- What you are asked to do -
The required output is all lines below that contain the word "Mill".

- Excerpted records -
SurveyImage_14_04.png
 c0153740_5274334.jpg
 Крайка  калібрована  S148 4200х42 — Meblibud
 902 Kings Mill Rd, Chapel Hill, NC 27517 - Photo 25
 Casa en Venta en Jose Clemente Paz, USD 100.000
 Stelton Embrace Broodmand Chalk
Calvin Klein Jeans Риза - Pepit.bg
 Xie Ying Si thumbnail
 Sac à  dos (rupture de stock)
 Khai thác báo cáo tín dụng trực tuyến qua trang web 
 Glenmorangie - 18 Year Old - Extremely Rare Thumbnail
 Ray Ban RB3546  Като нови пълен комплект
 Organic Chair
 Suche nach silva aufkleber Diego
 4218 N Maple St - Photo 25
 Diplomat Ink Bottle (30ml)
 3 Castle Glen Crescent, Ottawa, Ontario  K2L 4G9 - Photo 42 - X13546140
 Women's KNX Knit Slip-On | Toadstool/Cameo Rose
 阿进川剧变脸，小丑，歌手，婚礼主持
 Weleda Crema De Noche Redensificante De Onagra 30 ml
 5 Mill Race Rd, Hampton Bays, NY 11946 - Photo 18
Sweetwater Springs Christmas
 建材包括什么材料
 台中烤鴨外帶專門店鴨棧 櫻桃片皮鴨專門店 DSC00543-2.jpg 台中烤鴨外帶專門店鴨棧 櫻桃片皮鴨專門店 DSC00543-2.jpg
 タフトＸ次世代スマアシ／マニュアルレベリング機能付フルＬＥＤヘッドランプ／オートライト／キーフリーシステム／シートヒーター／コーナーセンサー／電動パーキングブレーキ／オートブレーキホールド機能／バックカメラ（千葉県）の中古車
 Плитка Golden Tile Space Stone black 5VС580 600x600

- Your solution -
 902 Kings Mill Rd, Chapel Hill, NC 27517 - Photo 25
 5 Mill Race Rd, Hampton Bays, NY 11946 - Photo 18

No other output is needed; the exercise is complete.